Prediction 3: most posts would be short
I built the textarea with a 5000-character cap and assumed people would write 200–400 character posts, like tweets but sad. I sized the body preview to 250 chars expecting that to cover most of a post.
The actual median post length is around 800 characters. The longest is 4,800. The instinct to write more, not less, is strong — once people decide to share, they don’t half-share. They go.
I changed the preview clamp to 220 chars after seeing this. Better to under-show and pull people into the full post than to spoil the whole thing in a card.
Prediction 4: anonymous would be the default and stay that way
This one I got right. Roughly 92% of posts are anonymous. The fraction held steady from the first ten posts to the hundredth. There’s no slow drift toward identification, no trickle of brave souls attaching their names. People came for anonymity and they stayed for it.
This might be the single most important data point. It tells me the product’s central design choice is correct, and I shouldn’t get cute and try to push attribution later.
Prediction 5: comments would barely happen
Wrong, but not in the way I expected.
I thought there’d be very few comments because people don’t comment on posts that don’t ask for comments. Failure stories don’t end with a question. There’s no hook.
What actually happens: maybe one in eight posts gets a comment, but the comments themselves are surprisingly long and surprisingly good. Average comment length is over 200 characters. They’re almost always either “this happened to me too” with details, or “thank you for writing this” with details about why. There are almost no troll comments. There are zero “first!” comments.

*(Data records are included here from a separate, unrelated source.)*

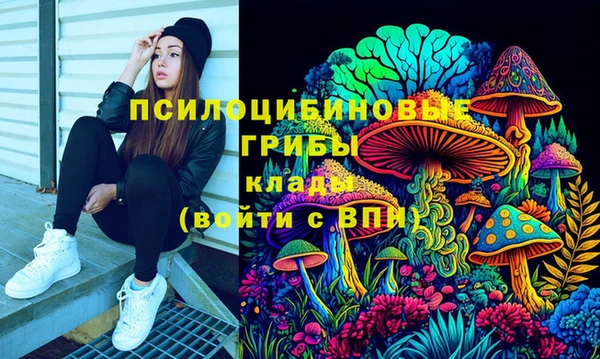 прущие грибы Бронницы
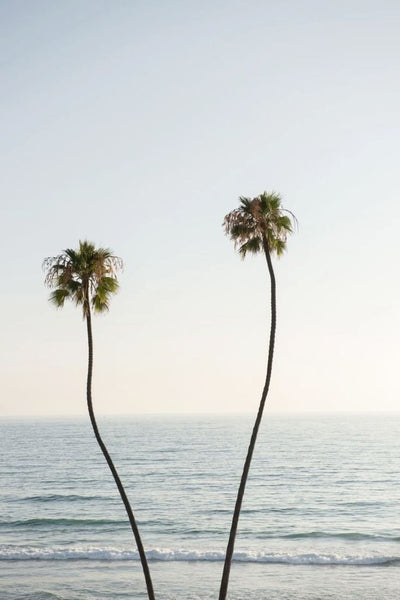 Palm Trees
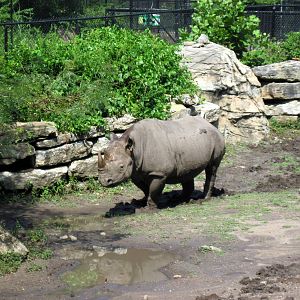 Africa-Black Rhinoceros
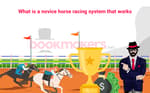 What is a Novice Horse Race Featured Image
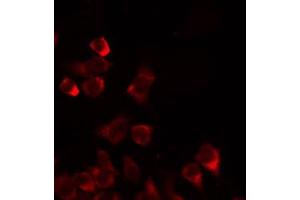ABIN6274739 staining 293 by IF/ICC. (MRPL35 anticorps  (Internal Region))
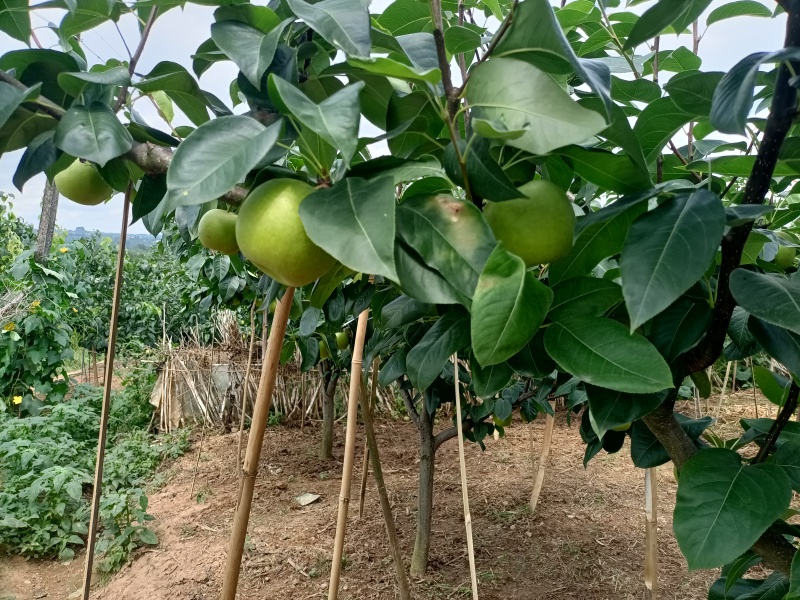 正宗四川苍溪翠冠梨皮薄肉厚，核小化渣，纯甜无酸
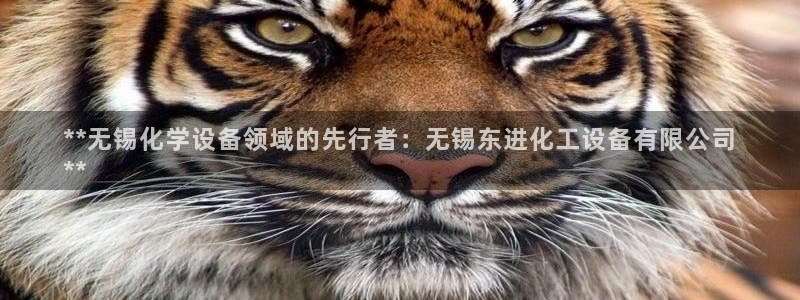 新城平台官网首页入口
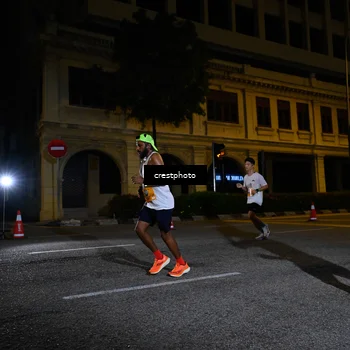 Runner Photo 5541648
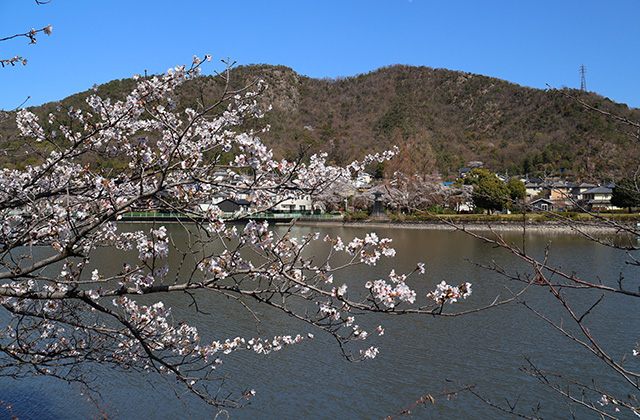 貞照寺・苧ヶ瀬池・炉畑遺跡・自然遺産の森の桜の写真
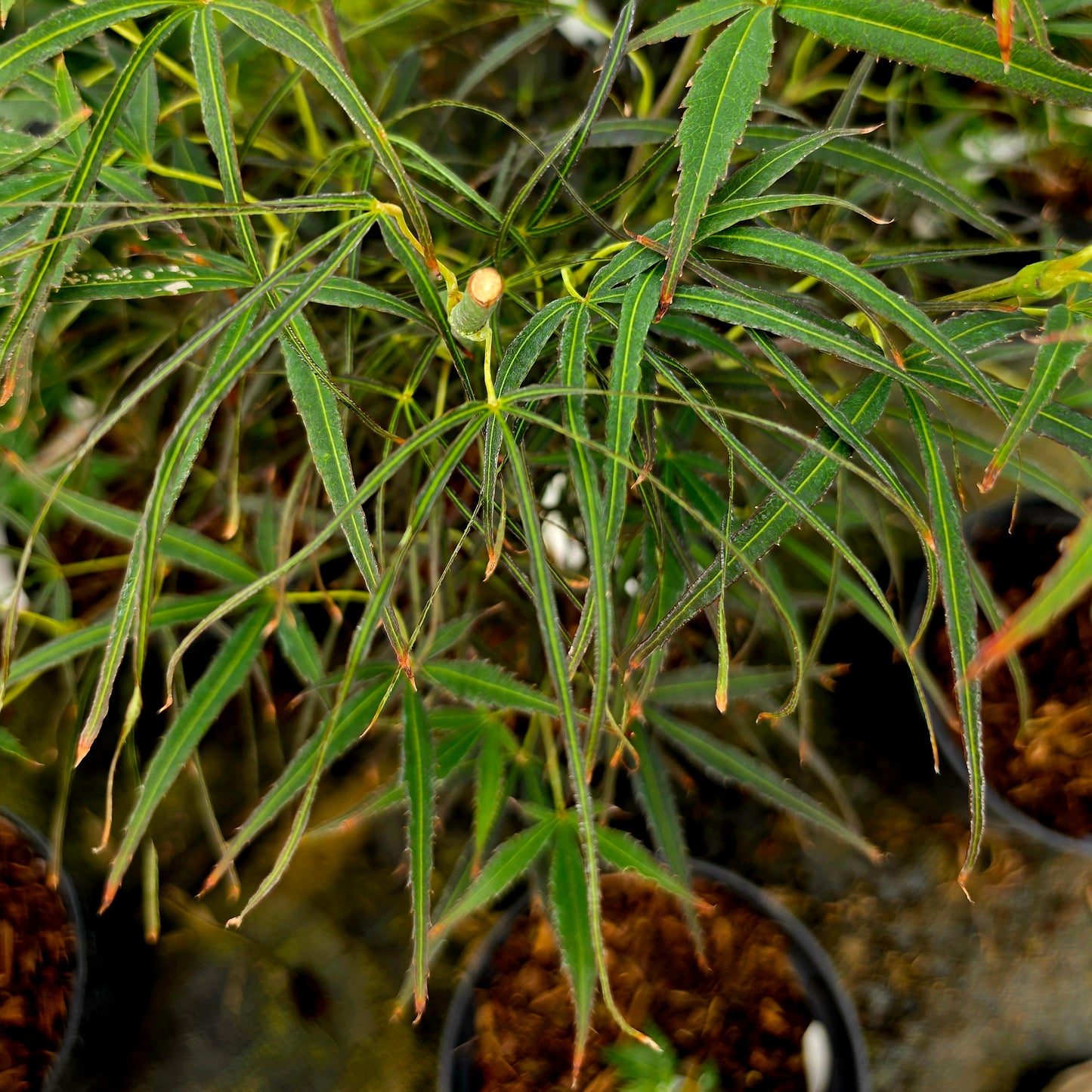 Acer palmatum Scolopendrifolium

I think this is because the only people who scroll deep enough to comment are the people the post hit hard. The shallow audience bounces. The depth audience stays.
Prediction 6: people would post once and never come back
This was my pessimistic baseline. I assumed the mechanism was: get something off your chest, leave, never return. Surbias as a one-shot purgatory.
Wrong by half. About 35% of posters come back to post a second story. And of the ones that come back twice, more than half come back a third time. There’s a small group of repeat posters who are using Surbias the way other people use journals — except their journal is read by strangers who occasionally write back.
This changes my whole mental model of the product. It’s not just an outlet. For some people, it’s an ongoing conversation with the version of themselves that needs to keep telling the truth.
What I got right
- People don’t want a “happy ending” prompt. Nobody asked for one. The original homepage tagline (“No happy ending needed”) seems to be doing the load-bearing work of giving people permission to leave a story unresolved.
- The five reactions, not three. Early on I considered cutting it down to “me too / hug / respect” — three options, simpler. I kept five and I’m glad. The long tail of “strength” and “solidarity” carries posts that need a more specific kind of response.
- No comment threading. I considered nesting replies. I left it flat on purpose. After 100 posts, I haven’t seen a single conversation that needed a tree to make sense.
What I’d tell myself before launch
Trust the people who show up.
I had a list of features I was going to add “if engagement isn’t there.” Most of them were optimization for a problem that didn’t exist. The first 100 stories told me the product I built was closer to right than I expected, and the parts that were wrong were wrong in directions I couldn’t have predicted from outside.
I’m leaving most of those features unbuilt.